Laurence Pécaut-Rivolier : C'est la première étude vraiment chiffrée que nous avons pu mener grâce aux données de Médiamétrie qui a un panel représentatif, comme pour les audiences de télévision. Il y a trois enseignements majeurs. Le premier, c'est qu'on a une fréquentation en masse des sites pornographiques par les mineurs, 30% contre 37% chez les adultes. Le deuxième enseignement, c'est que ça n'arrête pas d'accélérer, on a une hausse constante depuis 2017. Le troisième, c'est que ce sont des mineurs de plus en plus jeunes qui fréquentent les sites pornographiques. Les chiffres sont terribles.
Quelles sont les conséquences de ces images sur l'apprentissage de la vie sexuelle des adolescents ?
On a un comité d'experts de jeunes publics au sein de l'Arcom qui travaille sur ces questions-là. Il est évident que les images pornographiques sont inappropriées à un certain âge et force est de constater que sur ces sites, il y a des catégories d'images qui sont encore plus inadaptées. Elles sont dégradantes, violentes, elles en appellent à des fantasmes d'inceste. Tout cela est de nature traumatisante.
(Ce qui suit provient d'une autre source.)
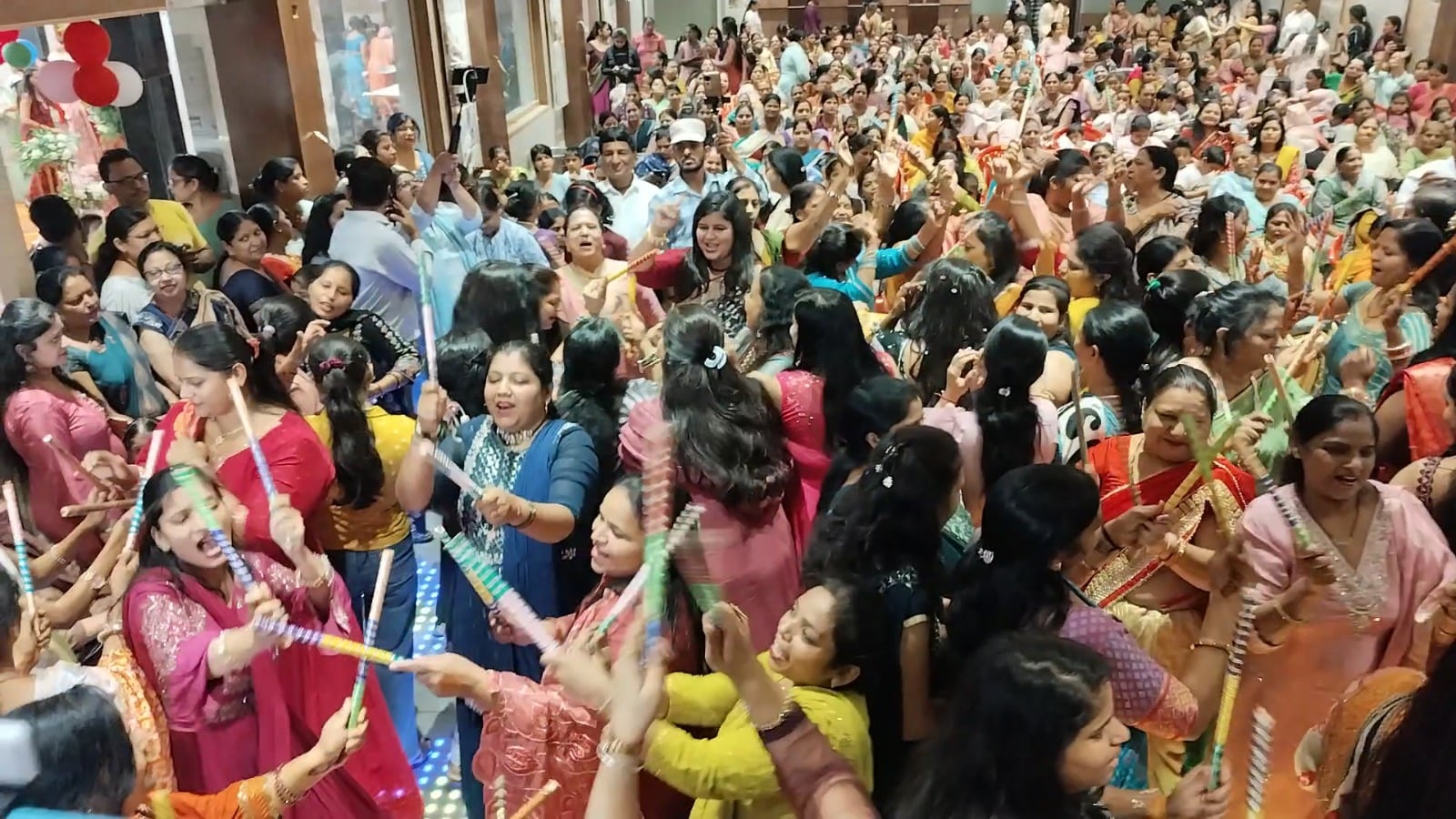 अग्रसेन धर्मशाला में डांडिया उत्सव में थिरकती महिलाएं। विज्ञप्ति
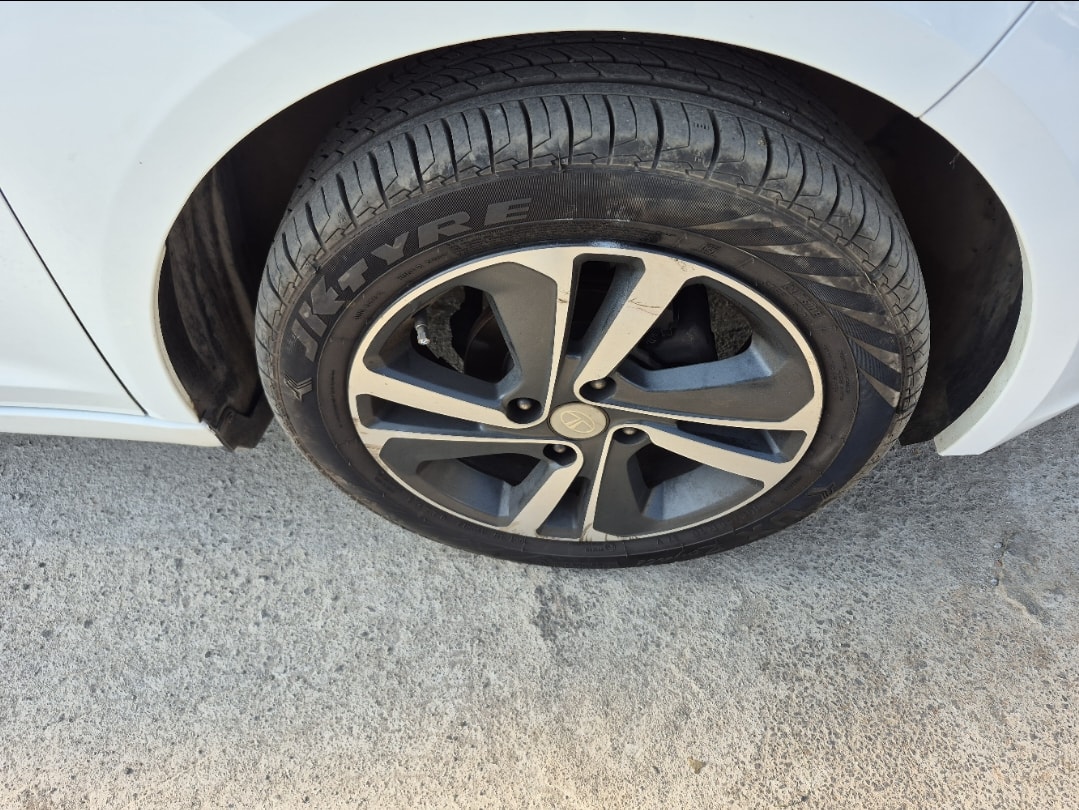 Used 2020 Tata Altroz Used 2020 Tata Altroz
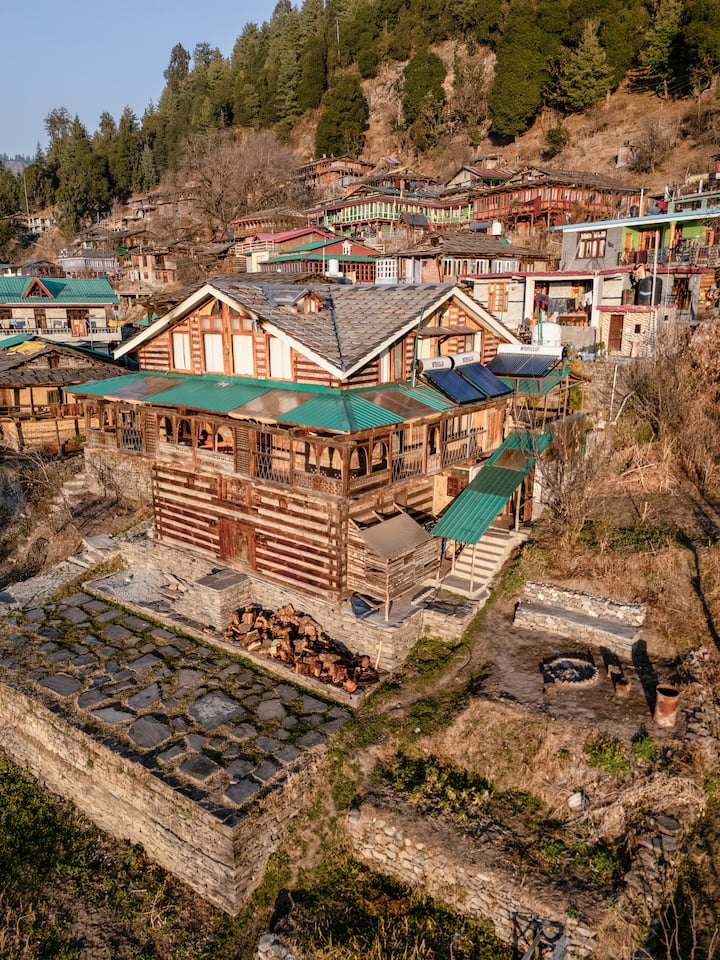 ART Village Naggar - Entire Kathkuni Villa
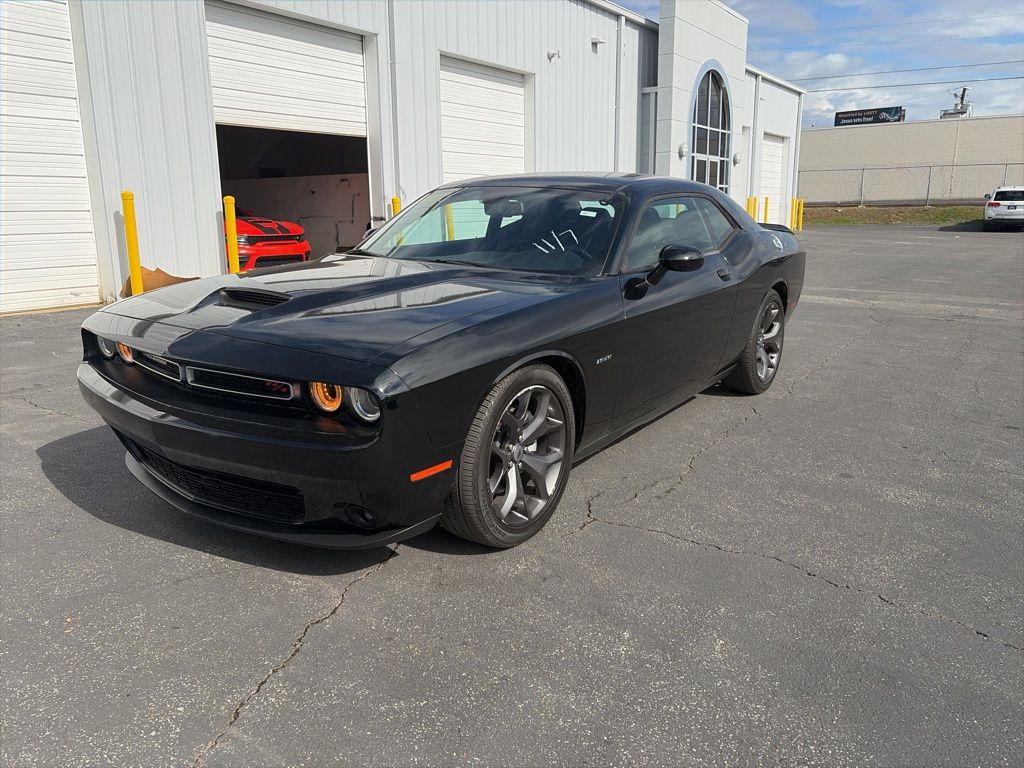 2019 Dodge Challenger R/T photo 3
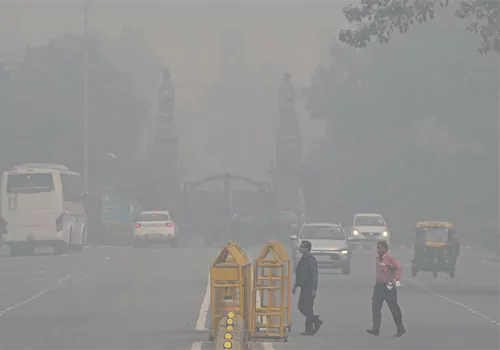 delhi [olution peaks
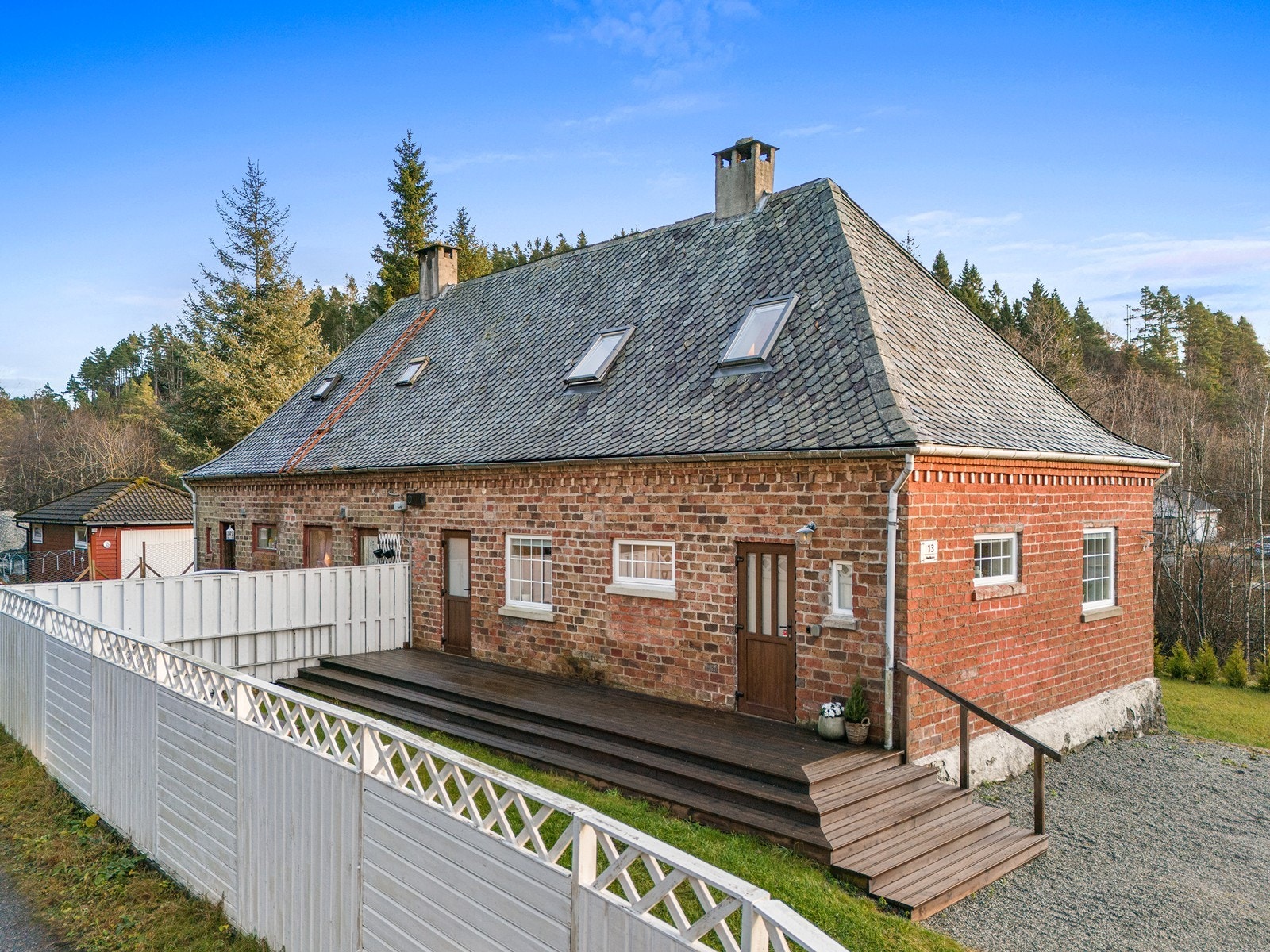 Velkommen til Rødkleiv 13 - presentert av Gudny Eldøy Kydland v/Eiendomsmegler Norge Galleribilde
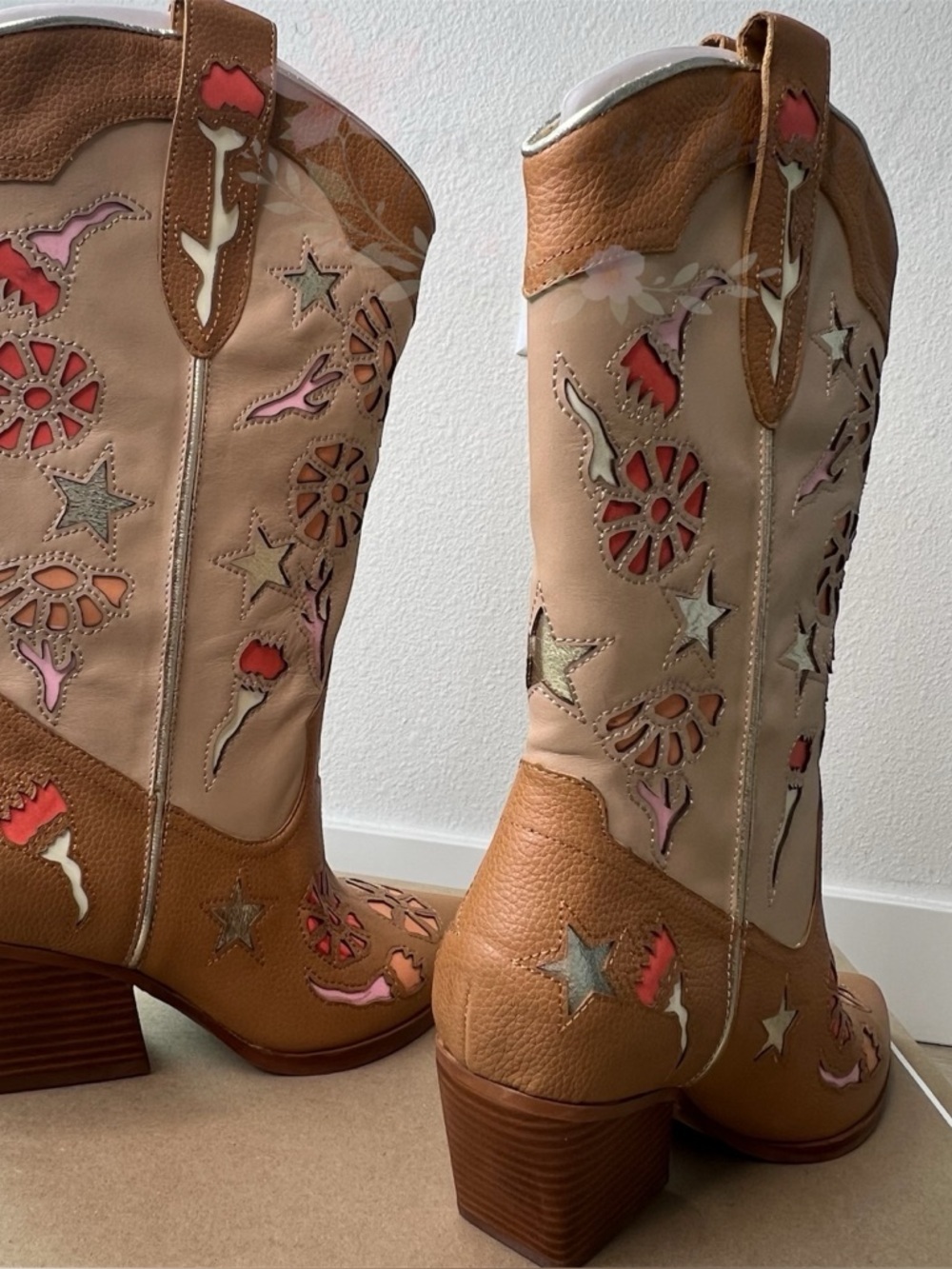 NWT Dolce Vita Lassie Western Cowboy Boots Tan Floral Cutout Star 7.5 - Picture 3 of 6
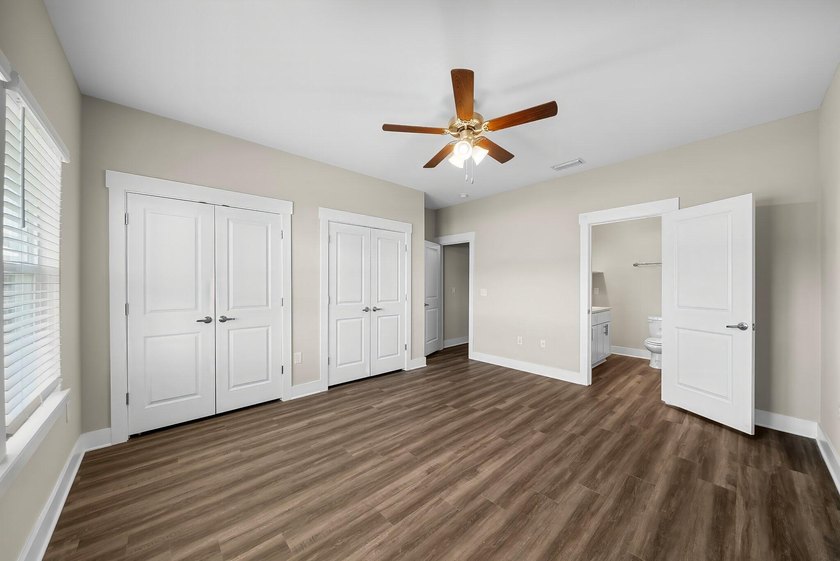 This Horizon floor plan end unit offers 3 bedrooms, 2.5 baths - photo 19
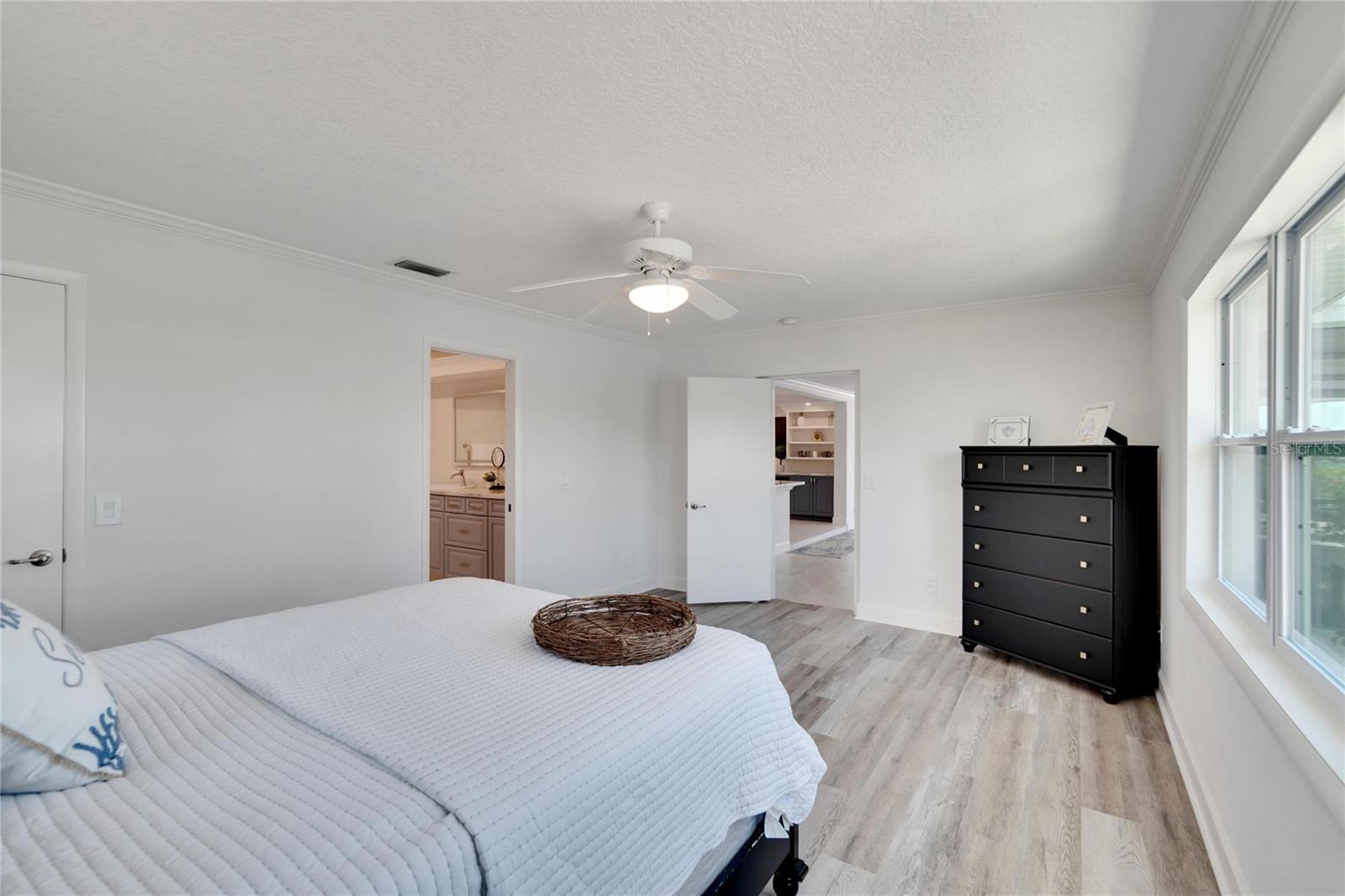 Image 39 of 90 For 805 Leisey Circle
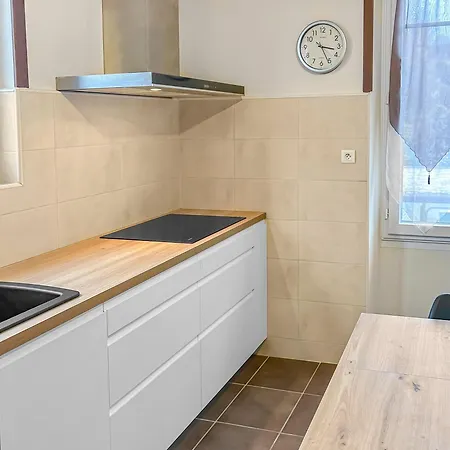 Feriehus Grand Jardin Maison Spacieuse Ideale Pour Famille Larche (Correze)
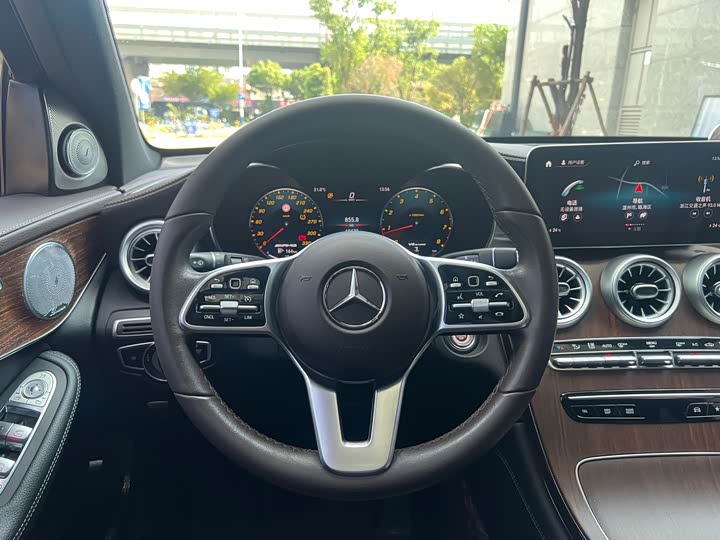 Фото 9 - Mercedes-Benz GLC-Class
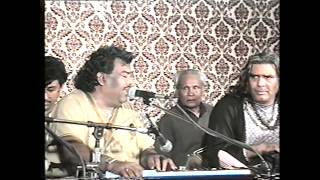 Kisi Ko Kuch Nahin Milta - Sabri Brothers Qawwal & Party - OSA Official HD Video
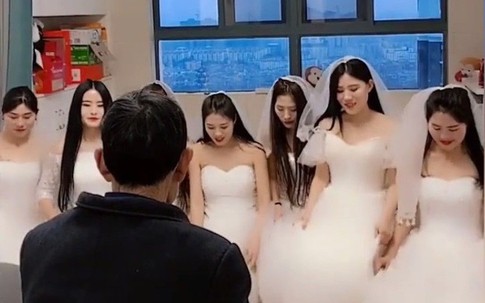 7 cô dâu đứng trước mặt 1 người đàn ông và câu chuyện đằng sau về lòng hiếu thảo gây xúc động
Aborder la sexualité avec ses enfants est souvent compliqué. Que conseillez-vous ?
Si on a sorti cette étude, c'est pour sensibiliser, mais nous ne pensions pas que c'était un phénomène d'une telle ampleur.
"On espère qu'avec ce que vont relayer les médias, il y aura des conversations dans les familles. C'est fondamental."
Laurence Pécaut-Rivolier, membre du collège de l’Arcomà franceinfo
Les sites pornographiques doivent vérifier l'âge des utilisateurs. Mais la loi n'est pas respectée. Comment l'expliquez-vous ?
Il y a une infraction dans le code pénal qui sanctionne l'exposition des mineurs aux images pornographiques depuis 1992. Donc, ces textes existent depuis très longtemps, mais ne sont pas respectés. La loi de 2020 est venue renforcer les outils pour essayer de mettre en œuvre un arsenal pour se battre contre cette exposition illicite et a confié à l'Arcom la possibilité d'agir. Cela fait 30 ans qu'on essaye d'avoir un véritable système qui empêche les mineurs d'accéder à ces sites. En décembre 2021, on a mis en demeure les plus gros sites, ceux qui ont la plus grosse audience. On a fait le constat qu'il n'y avait pas de système de filtrage et que rien n'avait changé après les mises en demeure. On a saisi le juge en demandant un blocage des sites. À ce moment-là, les sites sont venus nous dire que c'était compliqué parce qu'il n'y avait pas de système efficace. Donc, pour le moment, rien n'a bougé.
Quelles sont les pistes envisagées ?
On travaille avec la CNIL pour trouver les meilleurs systèmes. On se dit qu'un filtrage par carte bancaire serait pas mal. Tout outil est bon à prendre à partir du moment où ce n'est pas une simple déclaration de majorité. Tout est possible à partir du moment où cela respecte la protection des données, le double anonymat. On est à l'écoute de tous les systèmes qui permettraient de filtrer, mais pour l'instant, il n'y a pas eu de proposition.